[The data — start]
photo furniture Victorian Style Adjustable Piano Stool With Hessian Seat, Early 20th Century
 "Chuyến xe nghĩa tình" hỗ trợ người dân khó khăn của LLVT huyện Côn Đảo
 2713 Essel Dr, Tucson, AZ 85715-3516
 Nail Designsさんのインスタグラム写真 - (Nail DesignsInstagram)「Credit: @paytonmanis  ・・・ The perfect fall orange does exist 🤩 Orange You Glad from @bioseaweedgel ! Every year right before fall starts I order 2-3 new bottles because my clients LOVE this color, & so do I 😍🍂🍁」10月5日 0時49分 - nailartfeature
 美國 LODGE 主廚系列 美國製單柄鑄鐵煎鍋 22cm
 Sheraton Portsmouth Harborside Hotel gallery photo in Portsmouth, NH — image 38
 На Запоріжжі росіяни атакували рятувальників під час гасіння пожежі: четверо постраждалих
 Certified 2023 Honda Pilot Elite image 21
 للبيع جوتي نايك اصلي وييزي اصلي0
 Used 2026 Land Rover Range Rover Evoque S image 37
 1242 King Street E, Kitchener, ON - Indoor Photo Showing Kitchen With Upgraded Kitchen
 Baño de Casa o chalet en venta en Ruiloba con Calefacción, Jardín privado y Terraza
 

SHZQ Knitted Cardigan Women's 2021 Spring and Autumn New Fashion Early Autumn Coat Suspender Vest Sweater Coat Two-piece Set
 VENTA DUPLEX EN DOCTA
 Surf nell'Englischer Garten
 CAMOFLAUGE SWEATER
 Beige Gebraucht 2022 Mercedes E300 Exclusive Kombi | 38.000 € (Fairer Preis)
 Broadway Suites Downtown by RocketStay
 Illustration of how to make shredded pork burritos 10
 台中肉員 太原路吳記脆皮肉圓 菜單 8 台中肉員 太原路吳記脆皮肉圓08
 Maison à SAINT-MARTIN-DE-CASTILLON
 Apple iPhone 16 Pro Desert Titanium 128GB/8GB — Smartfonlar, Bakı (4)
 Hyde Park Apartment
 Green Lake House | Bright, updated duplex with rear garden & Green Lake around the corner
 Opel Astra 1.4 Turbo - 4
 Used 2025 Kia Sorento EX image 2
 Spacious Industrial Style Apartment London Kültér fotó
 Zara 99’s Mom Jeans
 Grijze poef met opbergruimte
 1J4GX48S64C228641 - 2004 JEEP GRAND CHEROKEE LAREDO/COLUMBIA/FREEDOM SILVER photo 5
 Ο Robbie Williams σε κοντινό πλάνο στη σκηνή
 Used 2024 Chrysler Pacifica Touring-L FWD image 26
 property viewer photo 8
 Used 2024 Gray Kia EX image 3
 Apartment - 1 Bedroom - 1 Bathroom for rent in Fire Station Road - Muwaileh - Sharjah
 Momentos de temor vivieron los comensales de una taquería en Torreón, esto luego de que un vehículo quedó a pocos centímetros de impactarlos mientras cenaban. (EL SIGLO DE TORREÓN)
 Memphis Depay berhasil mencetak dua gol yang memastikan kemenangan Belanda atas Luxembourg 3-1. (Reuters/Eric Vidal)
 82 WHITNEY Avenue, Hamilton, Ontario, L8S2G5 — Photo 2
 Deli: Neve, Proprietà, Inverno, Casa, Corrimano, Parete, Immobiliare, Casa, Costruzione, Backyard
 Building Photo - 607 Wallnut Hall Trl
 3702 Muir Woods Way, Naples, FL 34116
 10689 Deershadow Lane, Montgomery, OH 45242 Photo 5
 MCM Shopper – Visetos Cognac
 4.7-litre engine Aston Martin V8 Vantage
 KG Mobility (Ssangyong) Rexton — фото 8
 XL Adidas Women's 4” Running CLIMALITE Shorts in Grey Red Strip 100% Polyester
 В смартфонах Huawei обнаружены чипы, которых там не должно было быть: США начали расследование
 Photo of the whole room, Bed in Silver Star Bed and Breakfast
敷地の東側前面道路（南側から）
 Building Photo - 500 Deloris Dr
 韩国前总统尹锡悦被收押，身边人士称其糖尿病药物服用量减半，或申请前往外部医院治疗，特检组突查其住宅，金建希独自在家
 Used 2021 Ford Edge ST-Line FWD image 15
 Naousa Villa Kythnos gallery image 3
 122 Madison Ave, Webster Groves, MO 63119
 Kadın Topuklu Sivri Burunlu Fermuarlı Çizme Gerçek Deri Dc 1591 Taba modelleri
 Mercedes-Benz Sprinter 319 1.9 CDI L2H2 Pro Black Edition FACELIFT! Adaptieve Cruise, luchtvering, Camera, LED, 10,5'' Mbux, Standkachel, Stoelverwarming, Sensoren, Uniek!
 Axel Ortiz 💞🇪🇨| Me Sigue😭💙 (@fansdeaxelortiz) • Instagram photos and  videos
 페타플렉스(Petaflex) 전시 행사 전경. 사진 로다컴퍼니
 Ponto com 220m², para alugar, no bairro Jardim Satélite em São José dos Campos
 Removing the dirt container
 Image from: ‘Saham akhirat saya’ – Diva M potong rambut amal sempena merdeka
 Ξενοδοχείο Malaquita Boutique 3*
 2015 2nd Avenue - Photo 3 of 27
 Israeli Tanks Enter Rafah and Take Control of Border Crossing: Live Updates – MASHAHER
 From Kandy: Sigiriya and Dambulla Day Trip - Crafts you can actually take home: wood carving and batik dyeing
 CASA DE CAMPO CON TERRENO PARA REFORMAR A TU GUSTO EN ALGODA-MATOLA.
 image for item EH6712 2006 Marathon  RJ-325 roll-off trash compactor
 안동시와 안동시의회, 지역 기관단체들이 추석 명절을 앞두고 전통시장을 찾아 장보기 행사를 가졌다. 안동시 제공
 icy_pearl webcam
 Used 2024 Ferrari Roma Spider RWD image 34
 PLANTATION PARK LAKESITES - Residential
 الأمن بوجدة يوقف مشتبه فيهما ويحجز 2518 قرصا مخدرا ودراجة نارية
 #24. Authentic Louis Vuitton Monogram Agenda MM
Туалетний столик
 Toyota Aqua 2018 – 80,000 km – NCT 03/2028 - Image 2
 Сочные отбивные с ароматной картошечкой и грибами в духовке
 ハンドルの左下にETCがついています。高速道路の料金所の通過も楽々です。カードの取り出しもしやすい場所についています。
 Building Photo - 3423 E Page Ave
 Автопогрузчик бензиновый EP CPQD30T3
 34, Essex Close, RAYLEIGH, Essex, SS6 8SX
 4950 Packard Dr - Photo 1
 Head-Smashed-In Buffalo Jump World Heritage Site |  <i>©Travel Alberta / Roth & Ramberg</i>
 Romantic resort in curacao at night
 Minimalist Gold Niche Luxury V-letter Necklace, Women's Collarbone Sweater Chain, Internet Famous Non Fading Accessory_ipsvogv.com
[The data — finish]
> _What is required_:
Out of the entries, report each line that contains the word "Used".

> _Exercise response_:
 Used 2026 Land Rover Range Rover Evoque S image 37
 Used 2025 Kia Sorento EX image 2
 Used 2024 Chrysler Pacifica Touring-L FWD image 26
 Used 2024 Gray Kia EX image 3
 Used 2021 Ford Edge ST-Line FWD image 15
 Used 2024 Ferrari Roma Spider RWD image 34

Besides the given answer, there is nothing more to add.